On Monday June 18, XXXTentacion (Jahseh Dwayne Onfroy) was shot and killed in an apparent robbery attempt outside a motorcycle dealership in Broward County, Florida. Two days later Broward County Police reported that a suspect has been arrested for first degree murder.
At 20 years old, XXX’s rising fame was overshadowed by a brutally violent past and a long rap sheet of criminal charges. A mere 13 days before his death, the Miami New Times published a thorough piece, recounting haunting details including nearly beating his cellmate to death, domestic battery, false imprisonment and witness tampering. His ex-girlfriend (Geneva Ayala), was also interviewed in the article. Her testimony of the abuse she endured (at the time) was so chilling, it was as if it was out of a horror movie.
Yet with his undeniable talents, he remained adored by his cult-like fan base, co-signed by fellow artists and revered by tastemakers alike; his debut single “Look at Me” went certified platinum and his sophomore (now final) album ? debuted at no. 1 on Billboard.
Despite his commercial success, the allegations against him were too strong to ignore. On that fateful afternoon in Florida, social media’s court of public opinion weighed in heavy. Some mourned, some felt he “had it coming”, some jumped to his defence and some were just plain indifferent. Kanye West, Travis Barker, Diplo, J. Cole, Jidenna, even Erykah Badu all took to their platforms to express their sympathy. Some were even inspired by him. Their thoughts, however, were countered with backhanded condolences, downright elation and Snapchat videos of X’s lifeless body – proving yet again how dark of a space social media can be.
“He was lost, made mistakes, had time to grow” juxtaposed with “stop making excuse for abusers!” flooded timelines for the next 48 hours. It all leads to the question – is it possible to show compassion for life taken so senselessly, while acknowledging their abusive past and (more importantly) the victims affected by it?
If you showed empathy for X, you were chastised for “caping for an abuser.” If you showed more empathy for his victim(s), you were chastised for “having no compassion” for someone who just died.
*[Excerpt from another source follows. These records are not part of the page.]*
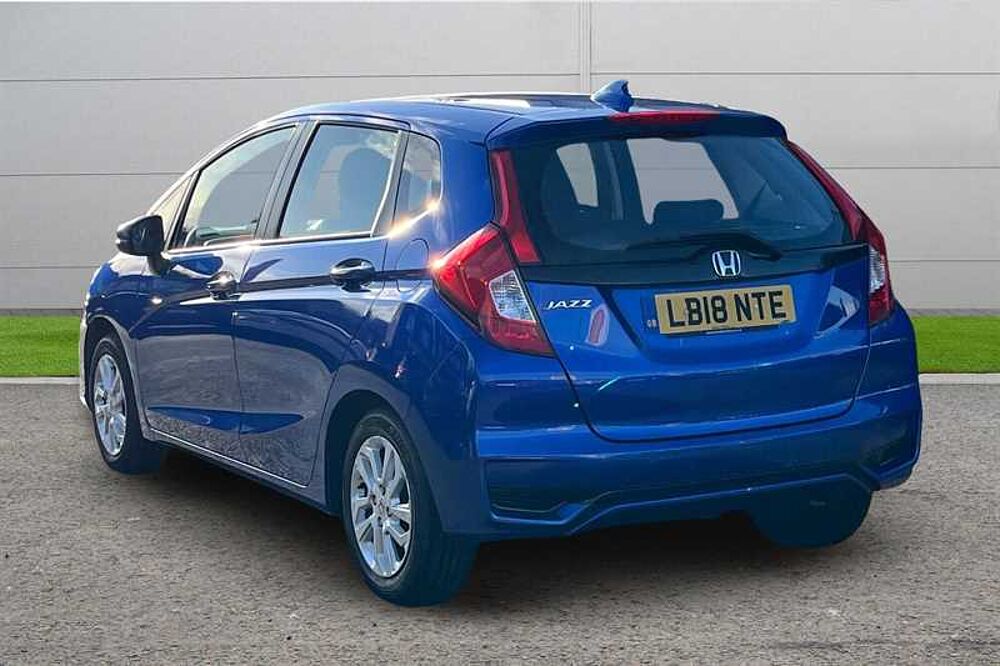 Honda Jazz 1.3 I-VTEC SE 5DR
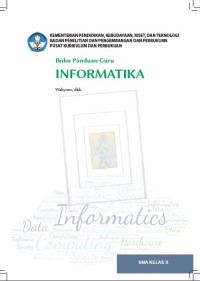 INFORMATIKA PEGANGAN GURU KLS X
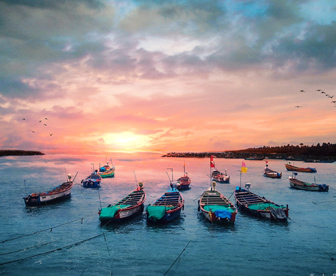 NEP0113 Cochin-Munnar-Thekkady-Alleppey-Kumarakom-Kovlam-Kanyakumari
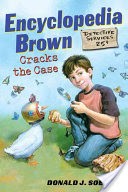 Encyclopedia Brown Cracks the Case
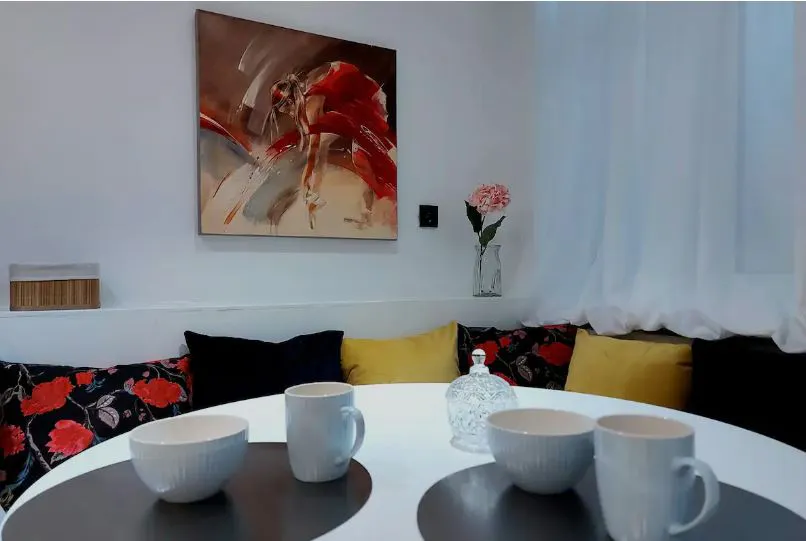1-Bedroom Apartment in Rue de la Cuve, Ixelles (1277320) ROOM 3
Can there be a grey area in this public mourning of celebrities who have committed horrible things?
As ugly as X’s past was, his music exuded his personal pain and depression – feelings that are all too relatable to escape. Fans recounted that his music touched them so much that it saved them from committing suicide. As Lindsay Zoladz wrote so articulately in The Ringer: “If we act as if he never existed, or as if he was not as popular as he was…or as if his fans didn’t see some articulation of their own hurt and hopelessness in his music, we’re lying to ourselves. It sits uncomfortably with me, too, but it’s true: Something about what he was doing was really getting through to people, and very young people in particular.”
It’s a slippery slope. Since Monday, X’s catalogue has skyrocketed across all major streaming platforms and currently boasts 50% of Genius’ Top Songs. X’s legacy being celebrated. Yet the world would be doing a disservice to all survivors of abuse if we ignore the giant elephant in the room. We can’t erase a person’s actions because their life is cut short, but neither can we be ashamed for paying respect while the body is still warm.